**Task objective**: Transcribe each line of the material as it is, and drop any picture.

**Source material**:
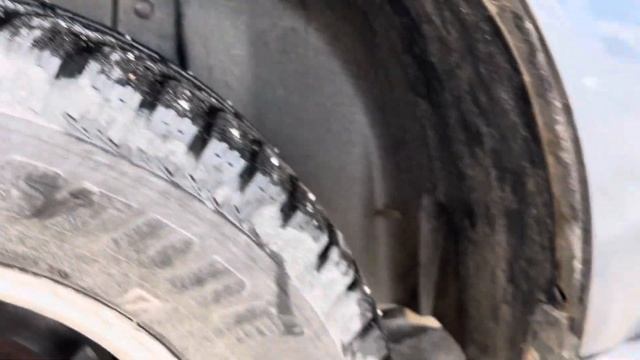 SsangYong Kyron 2.3 MT, 2012, 203 000 км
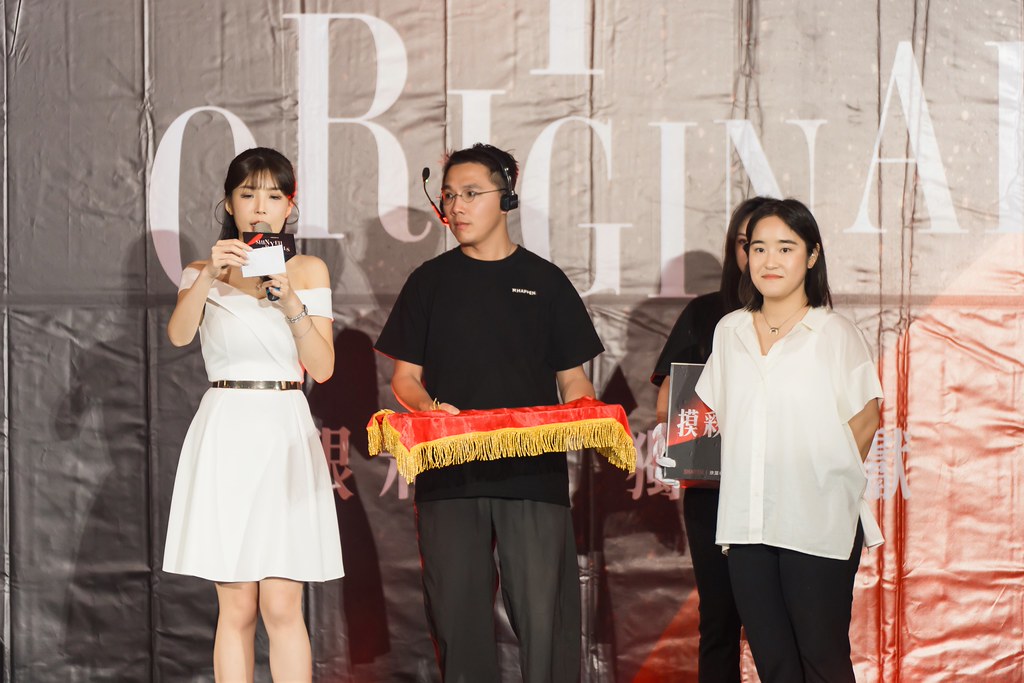 [活動攝影]2026欣葉春酒午宴-最專業的團隊完成每場完美活動攝影，拍的不只好更要快! #即時攝影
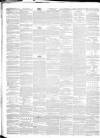 Staffordshire Advertiser Saturday 20 April 1844 Page 2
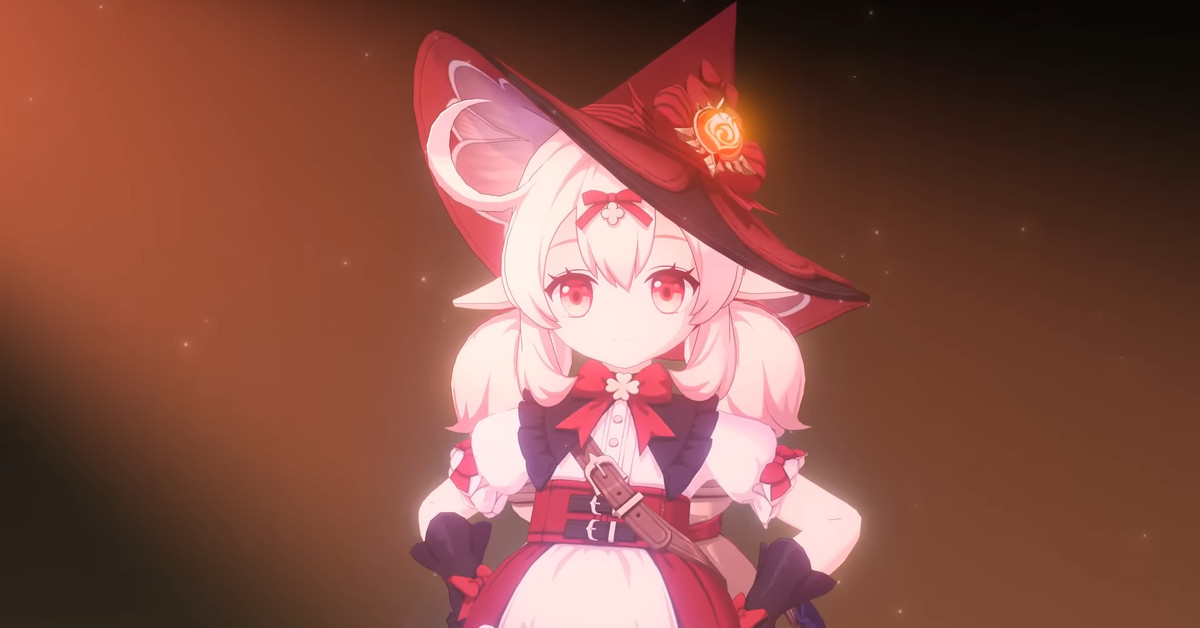 Featured image for What to Expect in Genshin Impact's 3.8 Update: New Characters, Events, and More!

**Task result**:
 SsangYong Kyron 2.3 MT, 2012, 203 000 км
 [活動攝影]2026欣葉春酒午宴-最專業的團隊完成每場完美活動攝影，拍的不只好更要快! #即時攝影
 Staffordshire Advertiser Saturday 20 April 1844 Page 2
 Featured image for What to Expect in Genshin Impact's 3.8 Update: New Characters, Events, and More!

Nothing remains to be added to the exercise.